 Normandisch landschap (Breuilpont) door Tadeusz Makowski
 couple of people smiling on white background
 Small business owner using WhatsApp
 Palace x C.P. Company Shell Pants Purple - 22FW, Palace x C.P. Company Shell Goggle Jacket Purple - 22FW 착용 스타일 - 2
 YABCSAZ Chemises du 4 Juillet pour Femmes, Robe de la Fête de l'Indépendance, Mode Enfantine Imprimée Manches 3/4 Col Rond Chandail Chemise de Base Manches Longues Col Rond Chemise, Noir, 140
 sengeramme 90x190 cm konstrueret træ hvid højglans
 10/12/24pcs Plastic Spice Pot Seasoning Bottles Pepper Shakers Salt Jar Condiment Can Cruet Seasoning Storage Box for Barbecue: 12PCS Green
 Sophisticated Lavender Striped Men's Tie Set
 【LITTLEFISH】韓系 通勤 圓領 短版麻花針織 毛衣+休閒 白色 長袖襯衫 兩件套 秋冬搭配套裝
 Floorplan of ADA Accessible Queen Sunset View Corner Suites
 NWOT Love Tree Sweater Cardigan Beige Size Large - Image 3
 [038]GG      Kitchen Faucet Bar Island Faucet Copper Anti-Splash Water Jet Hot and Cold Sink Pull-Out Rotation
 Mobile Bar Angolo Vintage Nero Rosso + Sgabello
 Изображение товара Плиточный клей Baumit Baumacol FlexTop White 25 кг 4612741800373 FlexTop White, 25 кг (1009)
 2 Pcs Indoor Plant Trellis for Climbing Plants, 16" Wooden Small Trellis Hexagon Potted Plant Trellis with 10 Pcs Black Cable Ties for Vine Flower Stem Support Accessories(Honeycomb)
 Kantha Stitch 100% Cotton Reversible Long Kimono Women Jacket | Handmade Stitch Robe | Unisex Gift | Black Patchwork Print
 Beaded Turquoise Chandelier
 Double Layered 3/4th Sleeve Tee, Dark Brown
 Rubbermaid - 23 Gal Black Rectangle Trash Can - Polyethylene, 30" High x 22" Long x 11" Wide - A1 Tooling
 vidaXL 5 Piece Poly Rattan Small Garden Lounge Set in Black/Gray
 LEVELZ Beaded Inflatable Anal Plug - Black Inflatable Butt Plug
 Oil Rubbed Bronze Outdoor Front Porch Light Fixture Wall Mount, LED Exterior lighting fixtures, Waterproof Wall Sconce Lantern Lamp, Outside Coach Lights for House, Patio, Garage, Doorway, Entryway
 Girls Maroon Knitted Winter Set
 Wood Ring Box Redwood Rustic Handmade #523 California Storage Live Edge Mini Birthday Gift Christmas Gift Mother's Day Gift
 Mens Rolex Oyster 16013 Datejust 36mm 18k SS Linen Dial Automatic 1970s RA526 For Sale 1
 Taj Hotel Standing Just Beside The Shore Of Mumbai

━━━━━━━━━━━━━━━━━━━━━━━━━━━━━━

* **Task statement**: Reading through the material above, work out how many lines include "Robe", then state that number alone.

* **Worked solution**: 2